Rendre la justice du droit d’asile – l’Humanité, 19 février

«Il faut une culture humaniste pour rendre la justice»

 

Entretien réalisé par Marie Barbier

 

Ancien ministre de la Fonction publique et conseiller d’État honoraire, Anicet Le Pors est, depuis 2000, président de section à la Cour nationale du droit d’asile. Dans son dernier livre, il raconte sa fonction de « juge de l’asile » (éd. M. Houdiard, 2010).

Quelle est votre vision du droit d’asile ?

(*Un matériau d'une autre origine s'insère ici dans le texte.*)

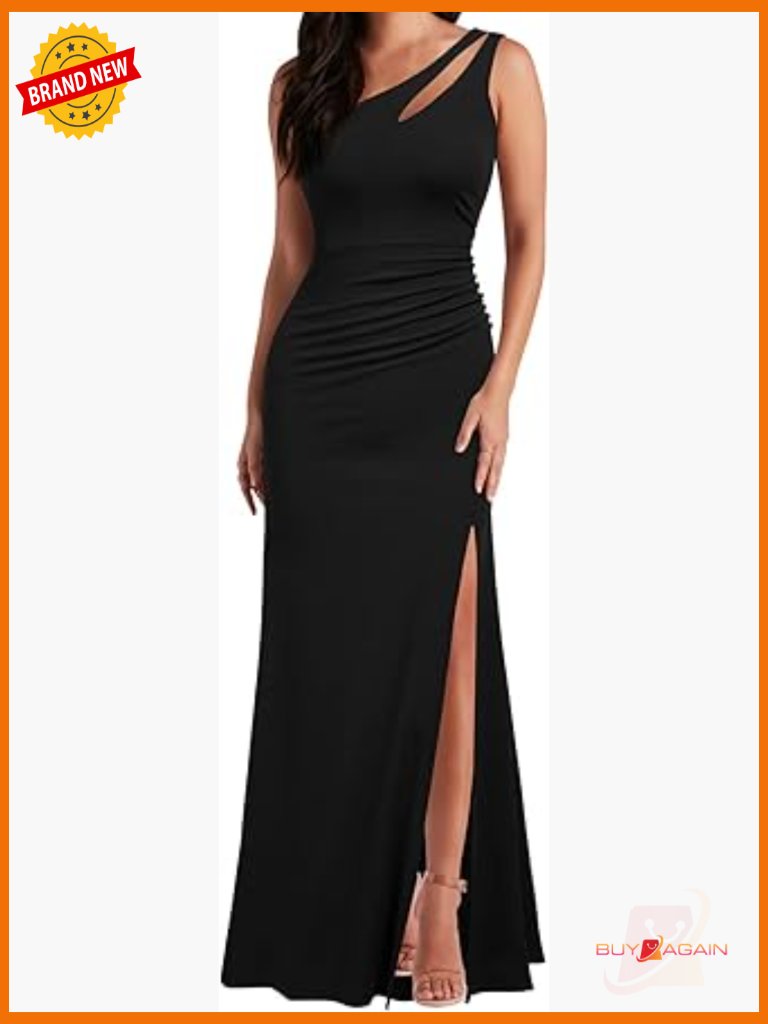 One Shoulder Sleeveless Split Bodycon Mermaid Evening Long Dress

Anicet Le Pors. La France a une tradition de terre d’asile, dont l’expression la plus forte se trouve dans la Constitution de 1793 : « Le peuple français (…) donne l’asile aux combattants de la liberté, il le refuse aux tyrans. » On retrouve cette notion dans la Constitution de 1946, où toute personne persécutée en raison de son action en faveur de la liberté a droit d’asile sur le territoire de la République. Enfin, l’article 53-1 de la Constitution précise que la France garde le droit d’accueillir qui elle veut sur son sol.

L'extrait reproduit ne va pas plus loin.